Lilburne united with many of these progressives when he joined the army as Parliament rose up against the king in the English Revolution. The monarchical forces captured Lilburne outside Oxford and planned to try him for treason. Elisabeth Lilburne, who was pregnant at the time, rode from London to Oxford to get Lilburne freed in an exchange of prisoners. He became a war hero. He resigned from the army when Cromwell instituted a religious oath to the government, which many Quakers and other Protestant denominations refused to take since they believed that swearing to God in secular matters violated the separation of church and state and their religious consciences.

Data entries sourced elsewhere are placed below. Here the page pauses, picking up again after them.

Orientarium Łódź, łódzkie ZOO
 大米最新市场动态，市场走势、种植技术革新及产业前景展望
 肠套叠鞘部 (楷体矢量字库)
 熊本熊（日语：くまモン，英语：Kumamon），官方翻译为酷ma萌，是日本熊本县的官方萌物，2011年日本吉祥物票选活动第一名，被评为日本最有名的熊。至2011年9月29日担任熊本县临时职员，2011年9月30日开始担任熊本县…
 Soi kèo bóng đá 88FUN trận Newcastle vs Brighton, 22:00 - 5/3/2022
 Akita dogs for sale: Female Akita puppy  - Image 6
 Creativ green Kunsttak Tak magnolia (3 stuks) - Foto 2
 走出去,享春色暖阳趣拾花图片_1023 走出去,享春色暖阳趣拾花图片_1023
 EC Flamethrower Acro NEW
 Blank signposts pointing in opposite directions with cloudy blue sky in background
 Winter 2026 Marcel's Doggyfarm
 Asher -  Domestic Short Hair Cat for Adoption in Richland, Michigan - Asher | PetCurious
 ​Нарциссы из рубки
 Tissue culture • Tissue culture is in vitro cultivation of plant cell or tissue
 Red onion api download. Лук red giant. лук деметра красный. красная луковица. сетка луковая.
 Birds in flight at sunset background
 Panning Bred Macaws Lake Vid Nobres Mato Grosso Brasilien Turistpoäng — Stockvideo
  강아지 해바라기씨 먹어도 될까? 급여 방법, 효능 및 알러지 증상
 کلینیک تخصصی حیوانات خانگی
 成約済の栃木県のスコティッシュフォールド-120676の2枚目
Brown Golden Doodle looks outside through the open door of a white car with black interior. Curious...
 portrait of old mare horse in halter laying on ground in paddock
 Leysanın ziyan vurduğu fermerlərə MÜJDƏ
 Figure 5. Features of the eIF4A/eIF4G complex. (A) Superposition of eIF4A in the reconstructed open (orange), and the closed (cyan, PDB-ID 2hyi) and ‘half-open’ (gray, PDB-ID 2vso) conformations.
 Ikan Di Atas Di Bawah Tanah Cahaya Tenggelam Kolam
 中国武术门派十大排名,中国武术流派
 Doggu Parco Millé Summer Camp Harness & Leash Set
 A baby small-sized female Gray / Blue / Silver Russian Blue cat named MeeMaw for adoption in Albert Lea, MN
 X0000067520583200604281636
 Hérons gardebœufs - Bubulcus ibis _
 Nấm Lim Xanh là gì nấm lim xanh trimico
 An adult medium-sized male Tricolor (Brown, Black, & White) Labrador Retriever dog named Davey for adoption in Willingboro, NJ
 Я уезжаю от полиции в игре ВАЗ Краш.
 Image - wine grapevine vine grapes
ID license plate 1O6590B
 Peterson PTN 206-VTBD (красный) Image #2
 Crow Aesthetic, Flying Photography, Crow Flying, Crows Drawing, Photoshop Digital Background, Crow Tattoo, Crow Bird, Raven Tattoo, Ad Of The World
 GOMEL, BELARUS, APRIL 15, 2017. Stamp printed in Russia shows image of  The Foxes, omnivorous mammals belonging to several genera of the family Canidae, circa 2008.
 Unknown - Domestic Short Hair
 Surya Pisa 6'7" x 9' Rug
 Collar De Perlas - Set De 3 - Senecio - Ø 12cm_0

Unable to countenance public discrimination of any kind, Lilburne fulminated against the maintenance of social differences in the Parliamentary army that fought against the king in the revolution. Lilburne's refusal to compromise landed him in prison again in 1647. When he was released in 1648, he and his friends started a newspaper, which they called The Moderate. He, Elisabeth Lilburne, Thomas Prince, William Walvyn, and Richard Overton organized a political party, which their enemies labeled "the Levellers," that set about winning civil liberties. Many of its doctrines appeared in their political manifesto, An Agreement of the People. "We the free People of England," read the Agreement, "to whom God hath given hearts, means and opportunity to effect the same . . . Agree to ascertain our Government, to abolish all arbitrary Power, and to set bounds and limits both to our Supreme, and all Subordinate Authority, and remove all known Grievances."8 In reaction to their radical propositions to reform the system of governance outlined in the Agreement, the three men were arrested in the spring of 1649 and, despite the work of Leveller organizer Mary Overton, who succeeded in rousing thousands to sign a petition for their release, the men were imprisoned in the Tower of London, and Lilburne was again accused of treason.
When Lilburne, the Levellers, and other radical democrats called for the abolition of the Monarchy and the House of Lords, Cromwell and his government supported them. But when they demanded universal male suffrage, the Cromwellian government arrested them. Lilburne was far too consistent in his commitments to democracy to keep the support of more opportunistic politicians, or even those willing to work out compromises. Although he thought that he could persuade Cromwell and the Parliament to bring King Charles I to trial, they instead chose to execute the king on their own authority in January 1649 and imprisoned Lilburne for opposing them. The Levellers, with Elisabeth Lilburne again in the lead, organized another petition campaign that engaged over 10,000 angry supporters, especially in London. Despite this support, Cromwell refused to release Lilburne. Again charged with treason, he was imprisoned, tried, exiled, and then exonerated. Between 1649 and 1651, he wrote fewer pamphlets and devoted himself to supporting his family as a soap maker. He returned to attacks on the government for its imperialism in Ireland, England's first colony, and once again was charged with treason. A trial for libel resulted in his banishment to Holland in 1651 on pain of death if he returned. Unable to follow, the beleaguered and abused Elisabeth Lilburne, seven of whose children had died, tried to support their remaining family as a single mother. They were scarcely able to survive.9
After a little over two years, in 1653, when Cromwell overthrew Parliament and seized power in a military dictatorship called the Protectorate, John Lilburne audaciously returned to England. Once again brought to trial for his life in July 1653, his apprentice supporters thronged the Guild Hall in London, where he was being tried. In one of the most important trials of the century, Lilburne used his righteous anger to proclaim his rights as a citizen. The jury again proclaimed him not guilty and refused to impose the death penalty. He nevertheless spent the rest of his life in prison. Cromwell moved him around from London to a dungeon in a castle on the Isle of Jersey, and finally to the Dover Tower, from which he was periodically released for home visits. He converted to Quakerism in 1657, shortly before he died at the age of forty-three, leaving Elisabeth Lilburne, herself an activist, to raise their children on her own.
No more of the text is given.